Some while back I was trying to get power saving working fully on my desktop 
box and I found people talking about swsusp (as opposed to swsusp2) being 
part of the official kernel sources. This puzzled me greatly because I have 
never come across this option when configuring a kernel. In the end I 
resigned myself to it being just one of those things.

However yesterday, while I was trying in vain to get at least one acpi 
function working, I became vastly more perplexed to find that there is 
supposed to be a kernel config parameter called CONFIG_ACPI_SLEEP. Again, I 
have never come across this option when I have configured a kernel. Yet it is 
supposed to be part of the vanilla kernel (e.g. 2.6.15). Am I delusional?

I have tried a whole load of other things to get things like acpi sleep 
working, such as patching the 2.6.15 kernel with the patches from 
acpi.sourceforge.net, making sure APM is disabled, as well as patching the 
kernel with a debugged version of my motherboard's DSDT, but nothing gets any 
kind of suspend or sleep working.

I understand that I should be able to trigger power saving states by writing 
to /sys/power/state, but whenever I 'echo -n standby > /sys/power/state' or 
'echo mem > /sys/power/state', even as root, nothing happens. I have checked 
the write permissions and they are fine. However 'cat /sys/power/state' 
invariably returns 'standby mem', no matter what I do.
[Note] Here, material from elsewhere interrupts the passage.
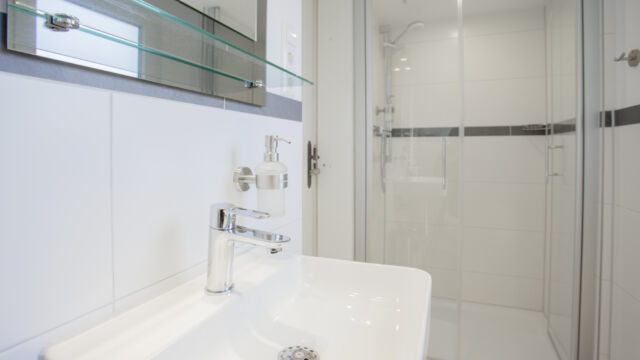 Familienzimmer Terrasse: Waschbecken (Zimmer 2) Familienzimmer Terrasse: Waschbecken (Zimmer 2)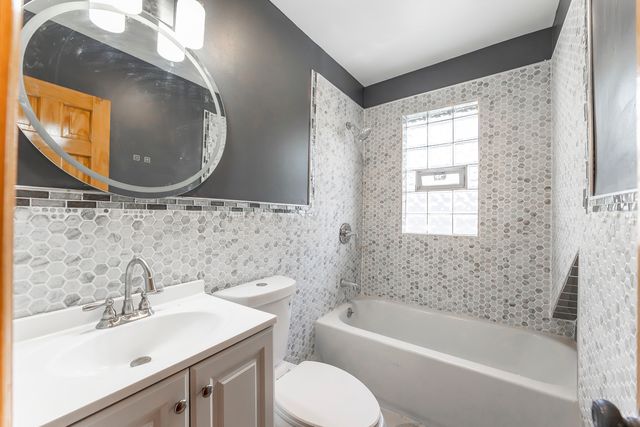 9431 S Vernon Avenue, Chicago, IL 60619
acpid works, at least to the extent that the machine will halt when the power 
button is pressed.

If I could ditch acpi and get by with apm then I would, however I am not 
optimistic about this because apm is supposed not to like multiple processors 
and I have a hyperthreading P4.

How am I to get power saving (well, sleep at least) working?

Thanks
Robert
--  
Robert Persson

Conspiracy Bears:
Once upon a time there were lots of conspiracy bears...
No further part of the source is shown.